(Task description):
For any picture in the lines below, please leave it out and copy the rest exactly.

Image-caption web data:
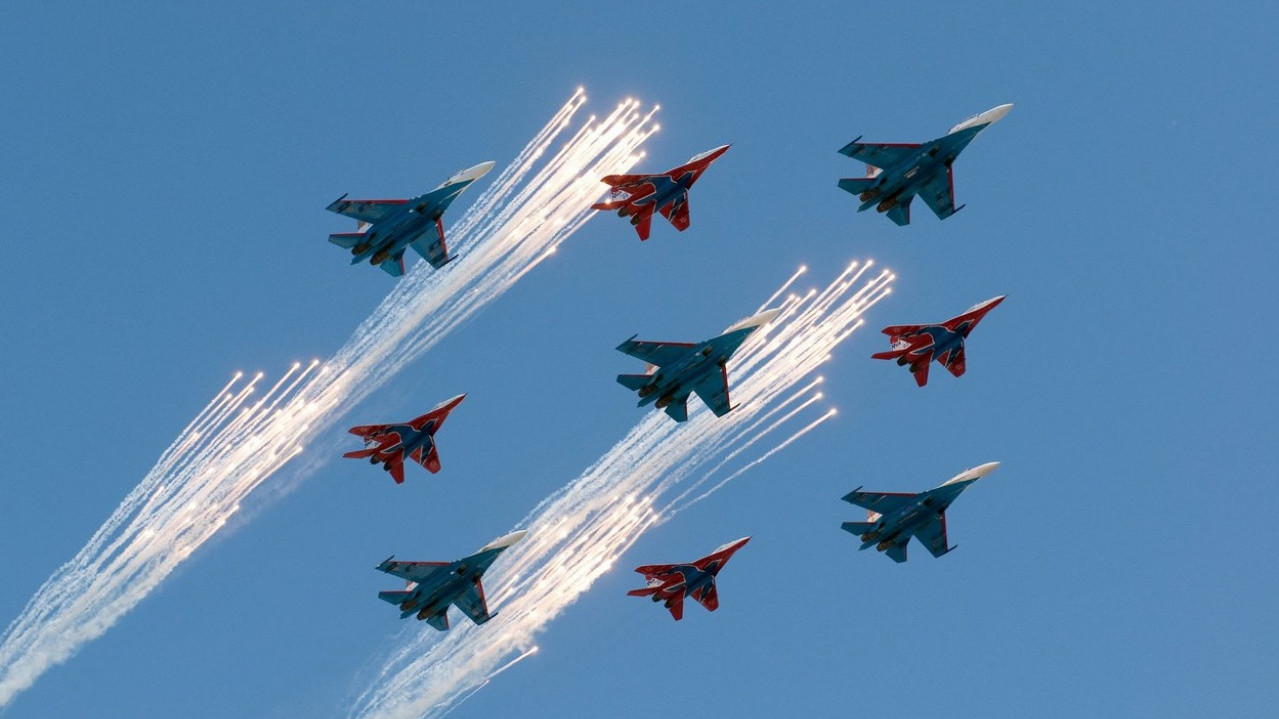 AVIONI IZNAD MOSKVE: Vazduhoplovna proba za paradu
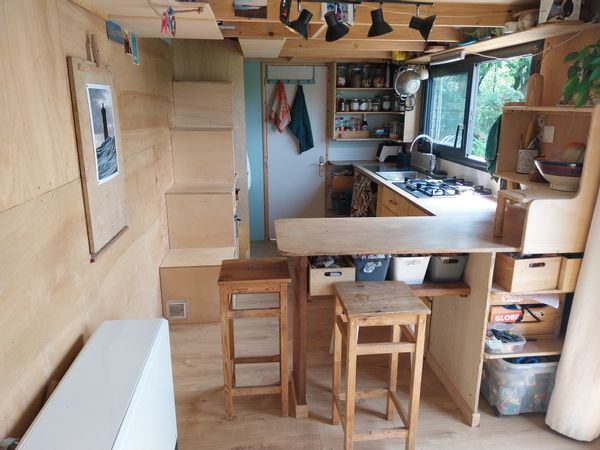 Tiny House et Terrasse bois en pleine nature.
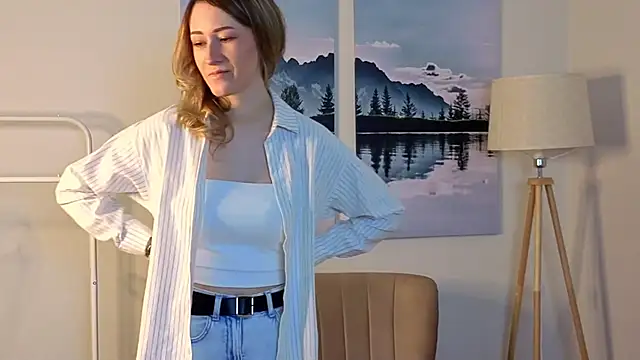 CharissaWalkner online show from 05.15.26
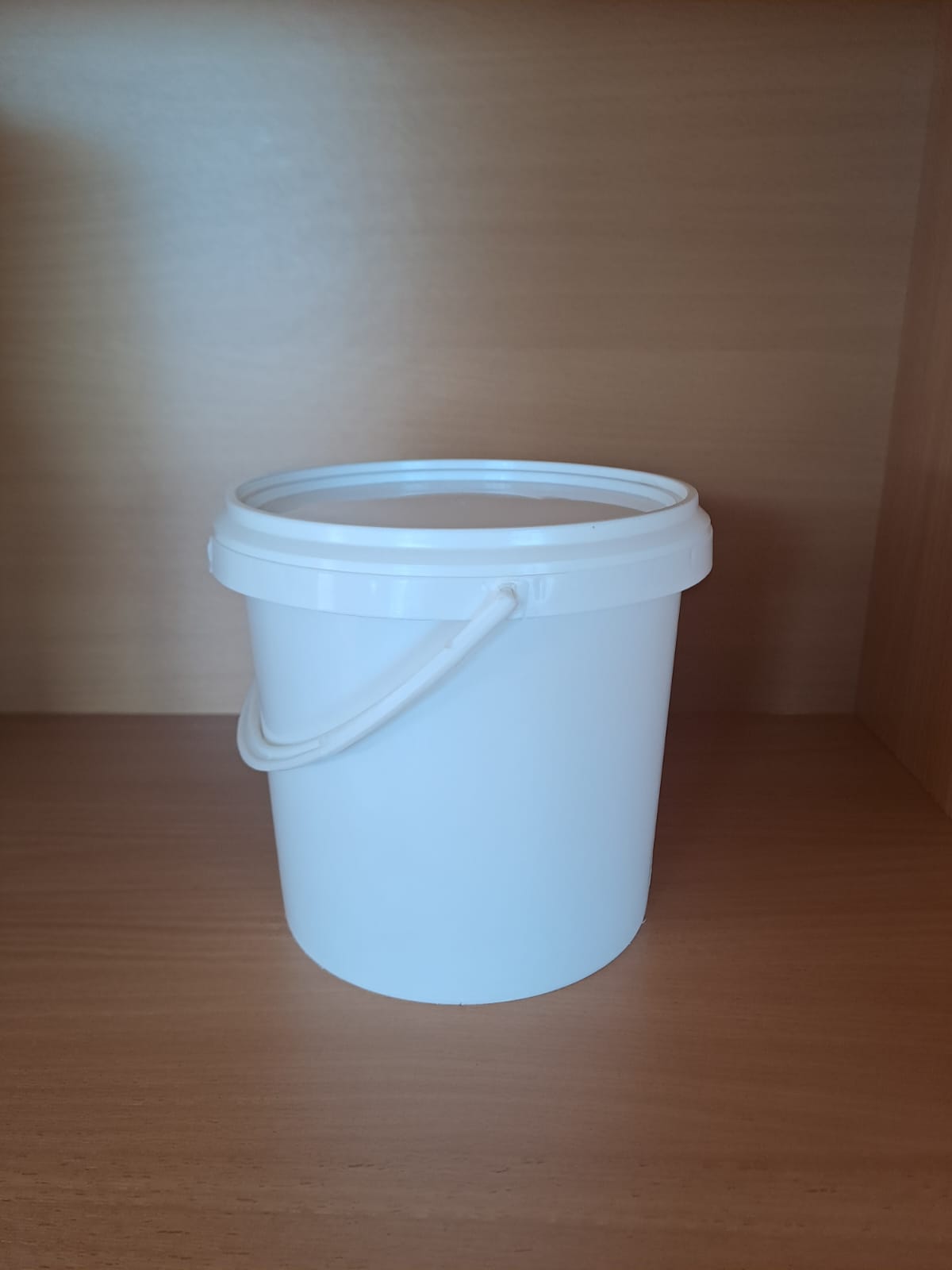 Plasticna kantica od 2.4 litara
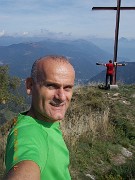 56-CON SANTO CHE SE LA RIDE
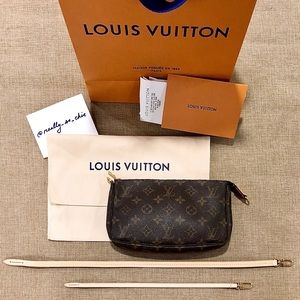 Louis Vuitton Pochette Accessories Bundle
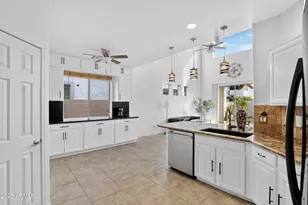 6843 S 26th St, Phoenix, AZ 85042 - Photo 15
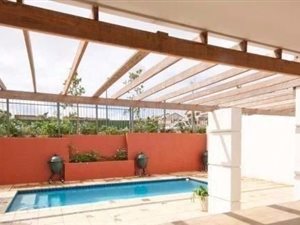 2 Bed Apartment in Umhlanga Rocks
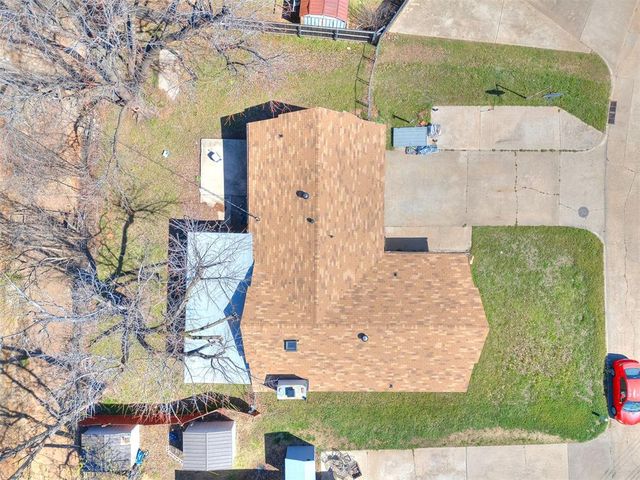 509 Turtle Creek Drive, Yukon, OK 73099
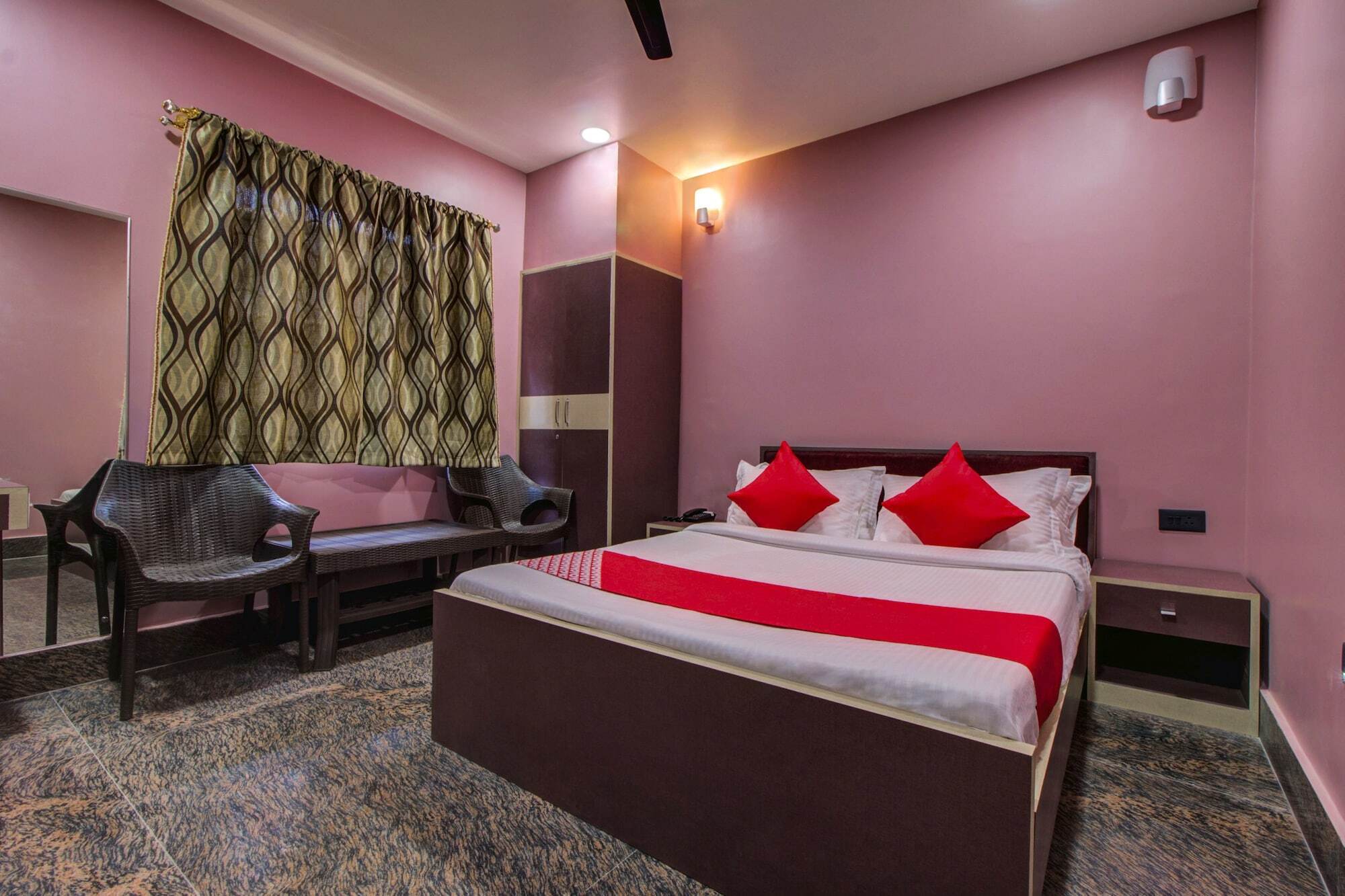 Oyo 16871 Anant Home Stay Шиллонг Екстер'єр фото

(Output below):
 AVIONI IZNAD MOSKVE: Vazduhoplovna proba za paradu
 Tiny House et Terrasse bois en pleine nature.
 CharissaWalkner online show from 05.15.26
 Plasticna kantica od 2.4 litara
 56-CON SANTO CHE SE LA RIDE
 Louis Vuitton Pochette Accessories Bundle
 6843 S 26th St, Phoenix, AZ 85042 - Photo 15
 2 Bed Apartment in Umhlanga Rocks
 509 Turtle Creek Drive, Yukon, OK 73099
 Oyo 16871 Anant Home Stay Шиллонг Екстер'єр фото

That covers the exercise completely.